The construction of the tunnels was rather easy because of the softness of the clays and cherts. The miners started at the Aare river where a spring emerged at the foot of the river bank, below the city center of Aargau. They followed the water in the general direction of the new facory grounds. After they had dug a while, they blocked the water with a small dam, and then dug off material, mostly soft clay and cherts, which soon became mud in the water. When they opened the dam the mud was flushed out of the tunnel without further work. This simple technique reduced the workload pretty much and speeded the mining. But the soft rock was also dangerous, there was the problem of collapse. In order to make it safe, the tunnels had to be walled completely with bricks and mortar.

one of the few bigger chambers.

The whole construction, started probably soon after Mayer returned from Germany in 1791. It took numerous years, especially the collector tunnels were continued for some time. And is was done rather secretly. He told nobody what he was doing and never asked for permission. The workers were forced to be silent about the tunnels, he employed only foreign miners who afterwards moved away. If this was just paranoia is not clear, but the right to use water was very valuable and often fought for before the court. And unfortunately the drainage he had created reduced the amount of water in the Stadtbach brook above surface, which would have cause a trial if his neighbours knew. But it took several years until someone noticed the underground waterwheel. Floods after heavy rains caused the cellars of neighbours to be flooded, the water dammed in the the upper tunnels for the waterwheel flooded them.

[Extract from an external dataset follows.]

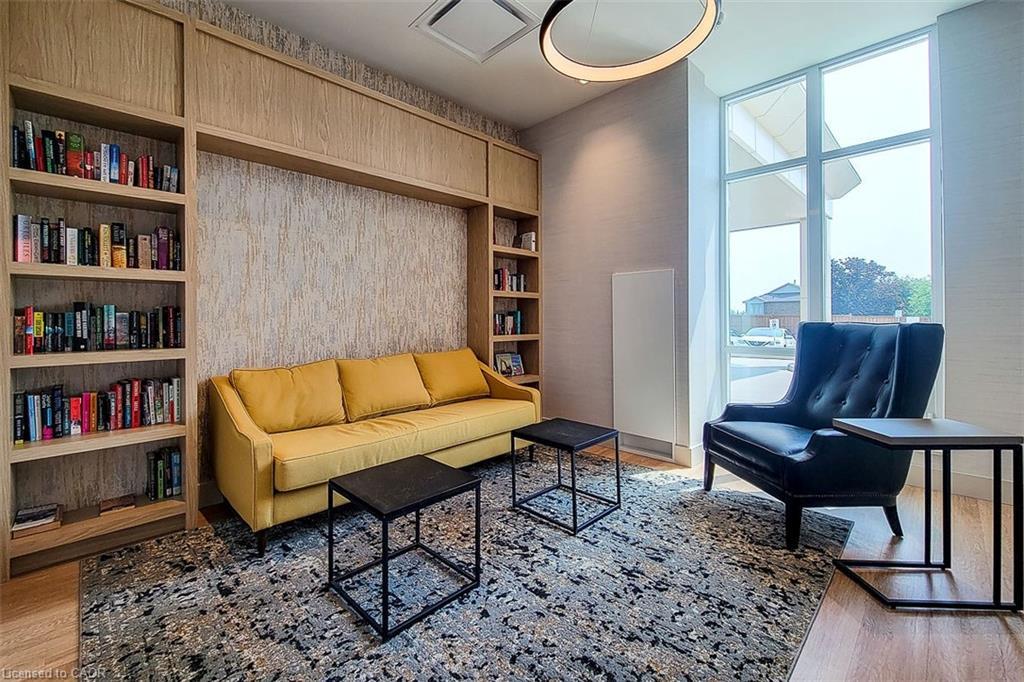 515-2750 King Street E, Hamilton, ON - Indoor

In 1803 a complaint resulted in the official order to hand in an application for the use of the water. This would have caused official examination of the tunnels, probably a fee, and probably the allowance would not have been given. So he simply forgot to hand in the application. And as he was a famous politician, an important entrepreneur, employer, and tax payer, he was never forced to do it. The situation stayed as it was for decades, until his son finally handed in the application.

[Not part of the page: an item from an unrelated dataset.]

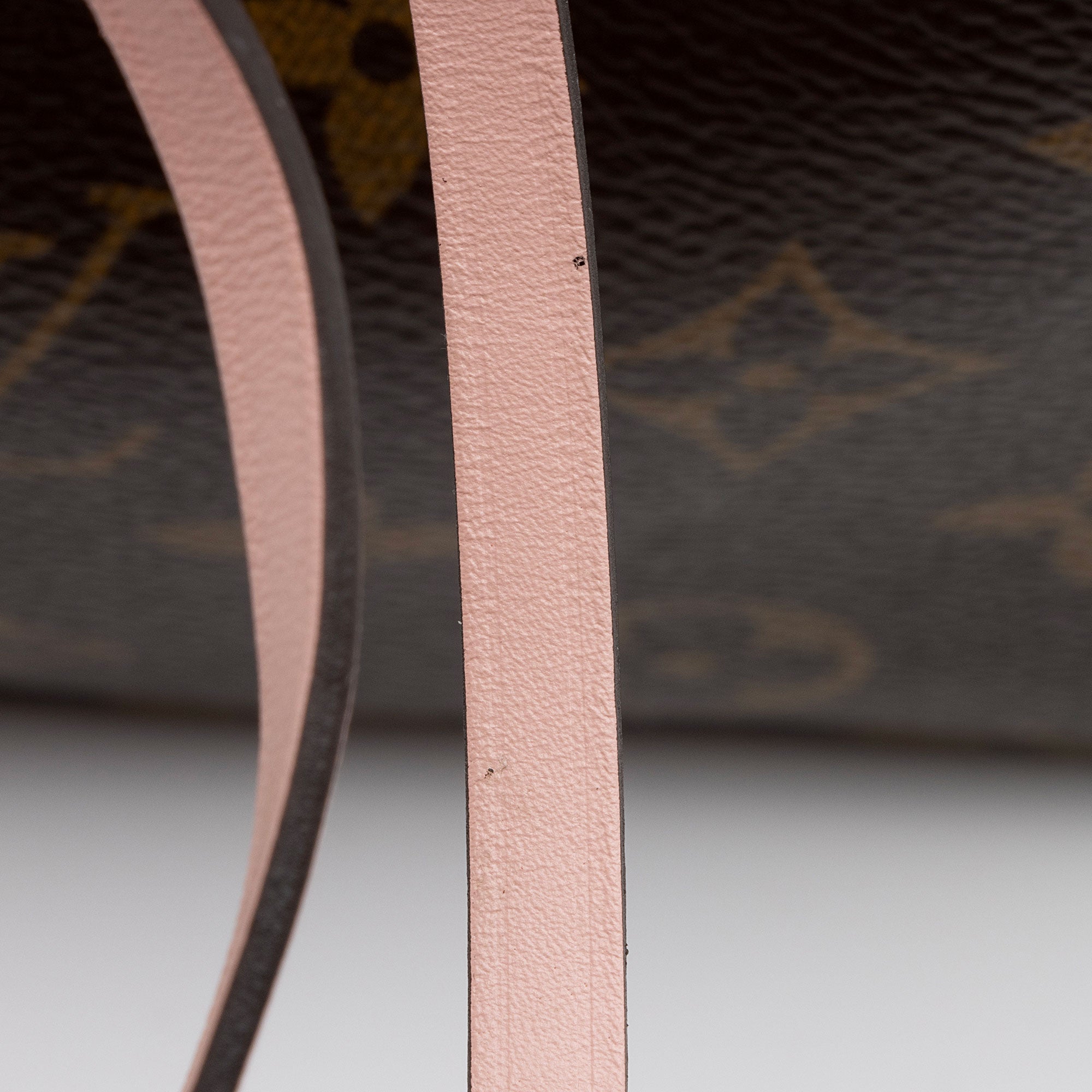 LO-LV bags 8457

Mayer lived on the northern side of his factory area, in a house named Feerhaus, after his next owner. It is unclear when he died, the official year of his death is 1825, but this was defined 100 years after his death, because of the lack of official documents. Later some letters were found which suggest that he still lived in 1829.

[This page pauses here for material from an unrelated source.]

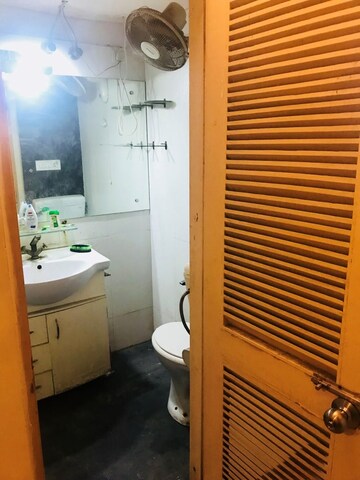 Bathroom in 2 BHK Builder Floor at RWA Apartments Sector 50, Sector 50 – for Rent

The tunnels were underground, unnoticed for a long time. When the wooden wheel was not needed any more it started to decay. But the tunnels remained open all the time. During the early 1960s the tunnels were surveyed by Rainer Meng and some friends. In 1982 the Swiss Post constructed a new building, right on top of the water wheel. As a result the wheel chamber and the wheel were discovered and then destroyed to make the foundation of the building safe. The tunnell system was cut into two parts. A side entrance still existed in the Feerhaus beneath the church St. Georg, and subsequently the city of Aarau tried to survey the tunnels in order to make future development of the city save. Archaeologists explored the tunnels and started to make tours from the 1990s on. Later members of the boys scouts guided tours. Today the tours are organized by a non profit organization which was founded in 1999 by the people involved in the protection of the tunnels.

The tours start in the cellar of the Feerhaus, here is the possibility to change clothes. Old clothes, rubber boots, helmet, headlamp and gloves are very much recommended. Bring also fresh clothes to change afterwards. The tunnels are wet and full of clay and you will become dirty. However, there is no need to crawl, so you will normally not get soaked. A wash basin in the cellar allows to clean the clothes afterwards.